A apresentação da “nova” equipe aconteceu alguns dias depois, em um hotel em Múrcia, inclusive com o lançamento promocional do carro do time, montado às pressas pela Dallara. A princípio, aquele chassi era apenas para fazer uma demonstração pública, porém, acabou sendo utilizado para a temporada completa.
“Depois de fazer o molde do banco, me encontrei com [os engenheiros da Dallara] Walter Biasatti e Bem Agathangelou. Eles me disseram ‘olha, o plano era de levar esse carro para o hotel em Múrcia para o lançamento. É literalmente apenas um protótipo de lançamento para ser fotografado com a pintura. Mas agora que o negócio todo atrasou, parece que você terá que correr com esse carro nas primeiras quatro corridas fora da Europa”, contou Chandhok, em uma entrevista para a revista Autosport, em 2020.
O carro foi acionado pela primeira vez nos treinos livres do GP do Bahrein. Foi prometido que para a quinta etapa do campeonato, o GP da Espanha, o carro receberia uma atualização que de acordo com testes no CFD (sistema computadorizado de dinâmica de fluídos em que as equipes de F1 desenvolvem a aerodinâmica de seus modelos), a evolução poderia ser em torno de 2s5 a 3s. Para se ter ideia, na quarta corrida, na China, Bruno Senna, o melhor da equipe na classificação, ficou a 3s3 do 18º colocado, a Force India de Vitantonio Liuzzi, pior do grid fora as equipes novatas.

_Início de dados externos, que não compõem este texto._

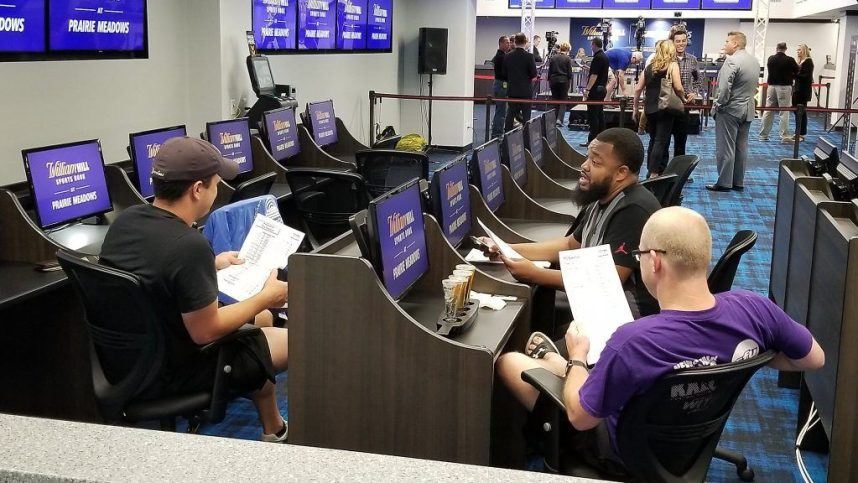 The sportsbook at Iowa's Prairie Meadows Casino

Só que como a HRT e Dallara acabaram encerrando a relação ainda durante os primeiros meses de 2020, essa atualização nunca foi colocada em prática e a HRT apenas empurrou a temporada com a barrida, se arrastando no fundo do grid com seu carro versão apresentação promocional.

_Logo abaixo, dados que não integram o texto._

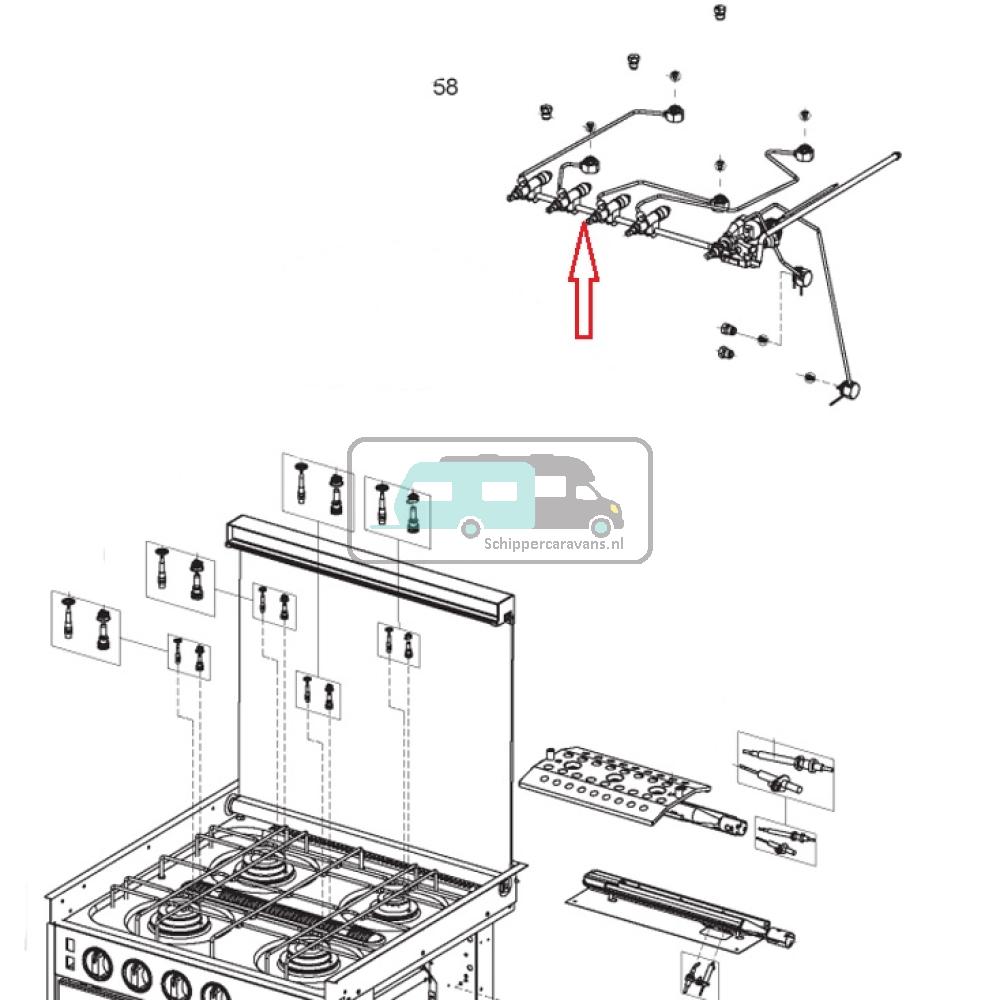 Dometic Gaskraan veiligheidsventiel Smev 1053105852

O time passou todo o ano apelando para pilotos pagantes, incluindo alguma rotação entre Senna, Chandhok, Sakon Yamamoto e Christian Klien. O time ocupou a última fila em praticamente todas as provas, com algumas exceções de quando ocorriam punições de adversários no grid. As melhores posições em corrida, sempre se aproveitando de desistências dos outros, foram dois 14º lugares, um de Chandhok na Austrália e outro de Senna, na Coreia do Sul.

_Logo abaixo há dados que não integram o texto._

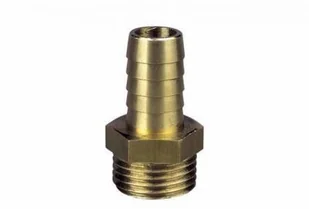 Końcówka Mosiężna Na Węża Fi 14x1/2 Gw.zewnętrzny - Rury - miniaturka - grafika 3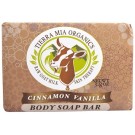 Tierra Mia Organics, Raw Goat Milk Skin Therapy, Body Soap Bar, Cinnamon Vanilla, 3.8 oz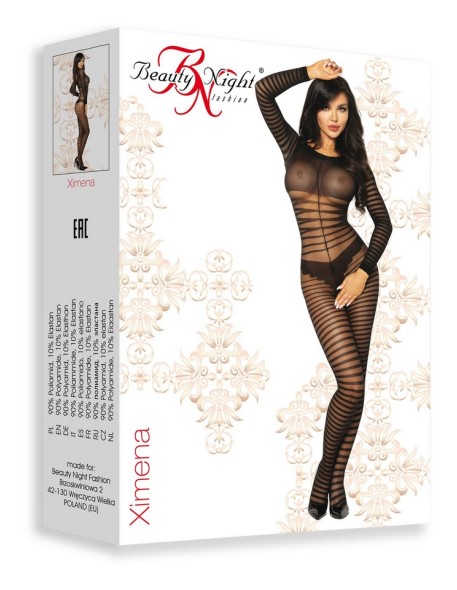 Bodystocking damskie czarne Ximena Beauty Night...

HRT e o posto cativo no fundão
Depois de muito suor, a HRT conseguiu completar sua temporada de estreia e precisava resolver agora seu problema para 11. Construir um carro do zero era algo bastante complicado, e sem o acordo técnico com a Dallara, Carabante e Kolles começaram ainda no segundo semestre de 2010 correr atrás de algum novo parceiro.
A Ferrari chegou a ser consultada, mas em novembro, o time anunciou um acordo com a Toyota para usar os TF110 projetados pela marca para competirem em 2010. Aqueles mesmos que a Stefan GP chegou a divulgar que usaria um ano antes. Só que não demorou para o acordo ruir por falta de dinheiro pelo lado da HRT.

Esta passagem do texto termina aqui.